It is sometimes assumed that named graphs are simply a convenient way of sorting the triples but all the triples participate in a united knowledge base that takes the place of the default graph. More precisely, a dataset is considered to be true if all the triples in all the graphs, named or default, are true together. This description allows two formalizations of dataset semantics, depending on how blank nodes spanning several named graphs are treated. Indeed, if one blank node appears in several named graphs, it may be intentional, to indicate the existence of only one thing across the graphs, in which case union is appropriate. If the sharing of blank nodes is incidental, merge is also an applicable solution.
We define a dataset-interpretation with respect to an entailment regime E as an E-interpretation. Given a dataset-interpretation I and a dataset D having default graph G and named graphs NG, I(D) is true if and only if I(G) is true and for all ng in NG, I(ng) is true.
This is equivalent to I(D) is true if I(H) is true where H is the merge of all the RDF graphs, named or default, appearing in D.
We define a dataset-interpretation with respect to an entailment regime E as an E-interpretation.
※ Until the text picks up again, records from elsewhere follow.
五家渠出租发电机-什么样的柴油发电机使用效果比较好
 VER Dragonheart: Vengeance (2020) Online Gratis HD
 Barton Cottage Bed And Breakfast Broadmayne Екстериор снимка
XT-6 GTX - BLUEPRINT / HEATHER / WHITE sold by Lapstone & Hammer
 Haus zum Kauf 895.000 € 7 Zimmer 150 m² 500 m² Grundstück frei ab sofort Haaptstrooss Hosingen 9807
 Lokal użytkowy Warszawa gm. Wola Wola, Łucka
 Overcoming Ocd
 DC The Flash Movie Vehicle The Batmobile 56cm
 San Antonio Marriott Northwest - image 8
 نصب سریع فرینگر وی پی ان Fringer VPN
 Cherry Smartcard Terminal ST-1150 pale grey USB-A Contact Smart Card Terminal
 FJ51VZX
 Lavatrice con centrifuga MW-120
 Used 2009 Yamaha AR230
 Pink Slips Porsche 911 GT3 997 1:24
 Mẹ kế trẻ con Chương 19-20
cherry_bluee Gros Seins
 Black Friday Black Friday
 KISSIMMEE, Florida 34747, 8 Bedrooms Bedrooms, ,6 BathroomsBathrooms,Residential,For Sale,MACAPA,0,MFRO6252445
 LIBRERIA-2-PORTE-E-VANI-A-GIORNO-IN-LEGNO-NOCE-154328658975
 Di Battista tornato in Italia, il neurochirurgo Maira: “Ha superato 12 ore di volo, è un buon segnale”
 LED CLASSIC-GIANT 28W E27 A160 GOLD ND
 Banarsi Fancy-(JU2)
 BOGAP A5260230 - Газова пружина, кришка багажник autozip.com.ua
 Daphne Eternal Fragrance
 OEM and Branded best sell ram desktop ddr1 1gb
Given a dataset-interpretation I and a dataset D having default graph G and named graphs NG, I(D) is true if and only if I(H) is true where H is the union of all the RDF graphs, named or default, appearing in D.
An alternative presentation of this variant is the following: define I+A to be an extended interpretation which is like I except that it uses A to give the interpretation of blank nodes; define blank(D) to be the set of blank nodes in D. Then I(D) is true if and only if [I+A](D) is true for some mapping A from blank(D) to the set of resources in I.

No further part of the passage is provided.